- [To do]
Make a verbatim copy of the entries below; pictures stay out.

- [Available data]

━━━━━━

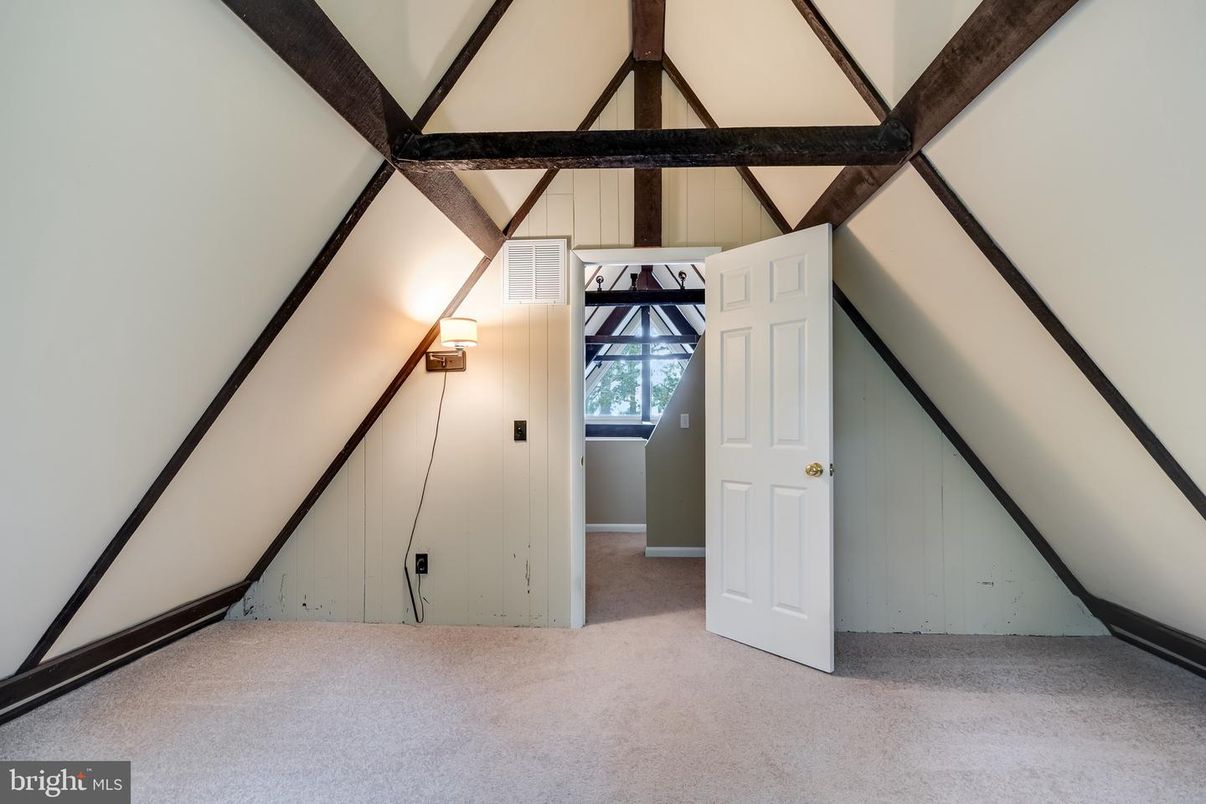 Empty room, Interior, Wooden Beams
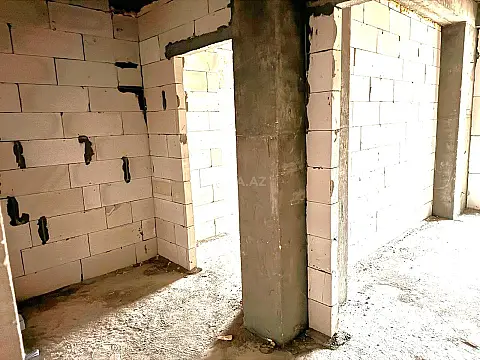 Satılır 1 otaqlı mənzil 69 m²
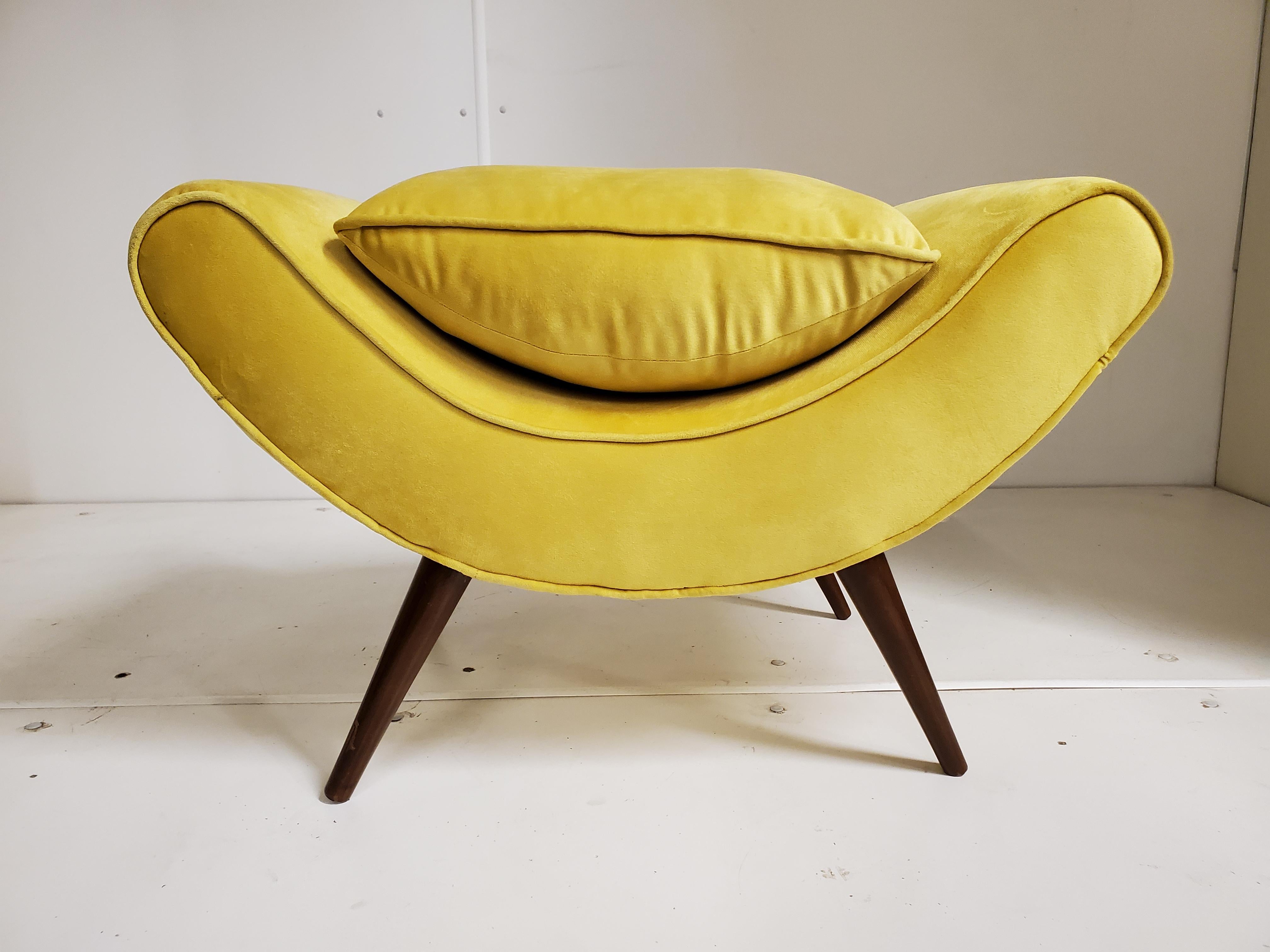 A beautiful modernist yellow velvet upholstered small bench with four turned wood and tapered splay legs.
This organic 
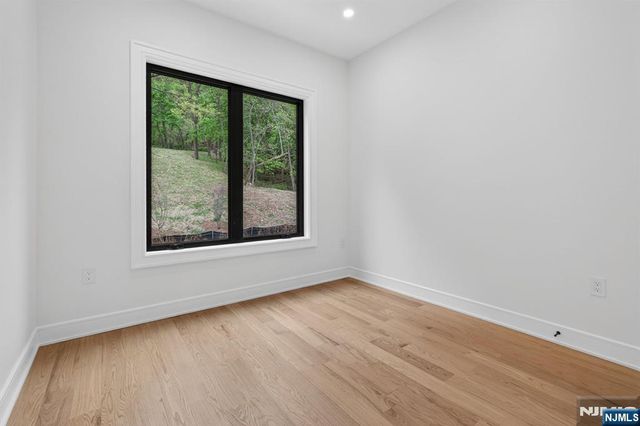 522 Valley Road 3, Clifton, NJ 07013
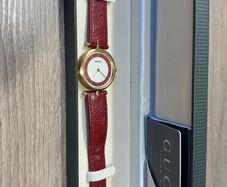 Gucci watch 2000 M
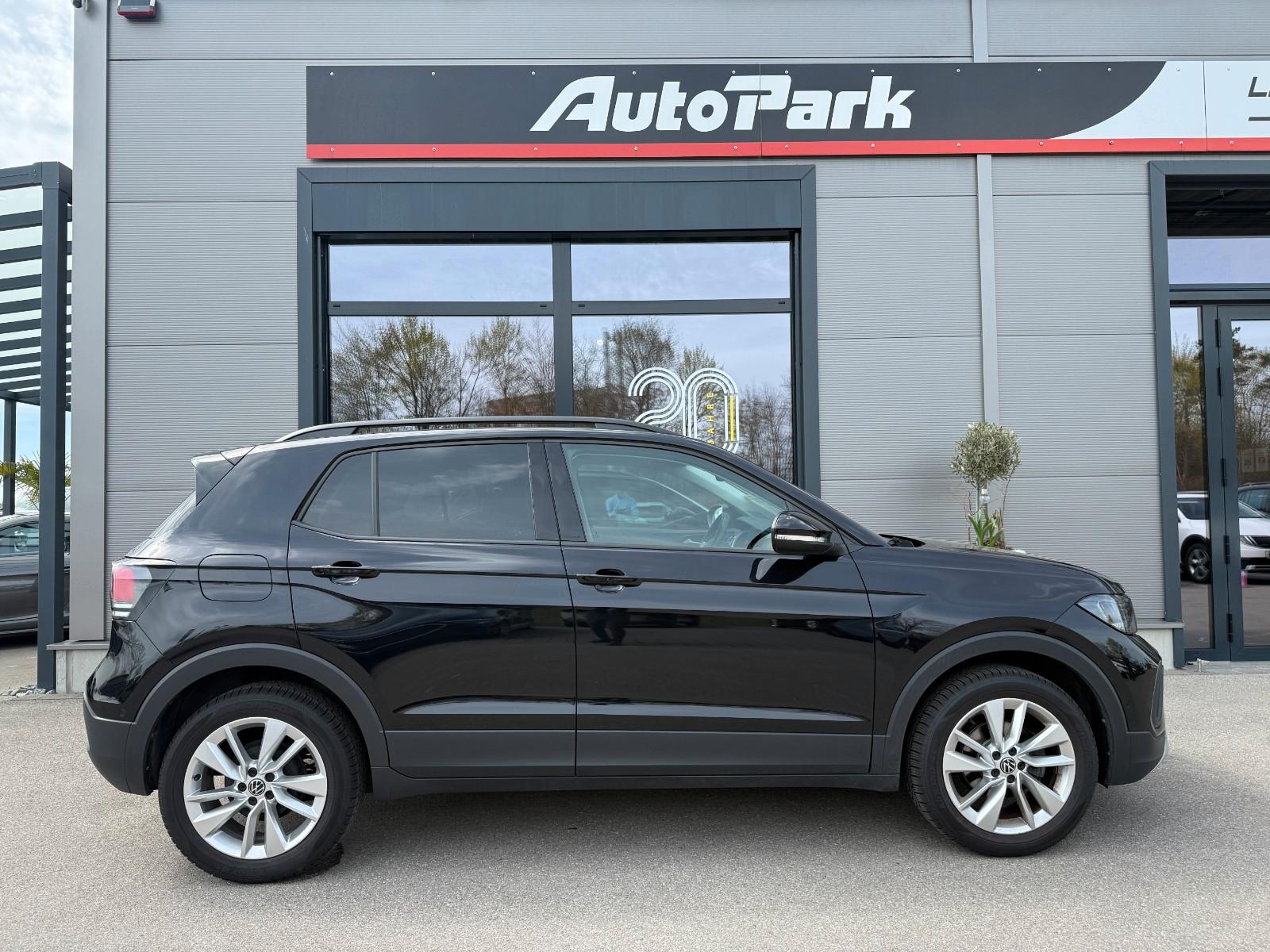 Volkswagen T-CROSS 1.0 TSI AHK SHZ KAMERA CARPLAY 17"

━━━━━━

- [Expected answer]
 Empty room, Interior, Wooden Beams
 Satılır 1 otaqlı mənzil 69 m²
 A beautiful modernist yellow velvet upholstered small bench with four turned wood and tapered splay legs.
This organic 
 522 Valley Road 3, Clifton, NJ 07013
 Gucci watch 2000 M
 Volkswagen T-CROSS 1.0 TSI AHK SHZ KAMERA CARPLAY 17"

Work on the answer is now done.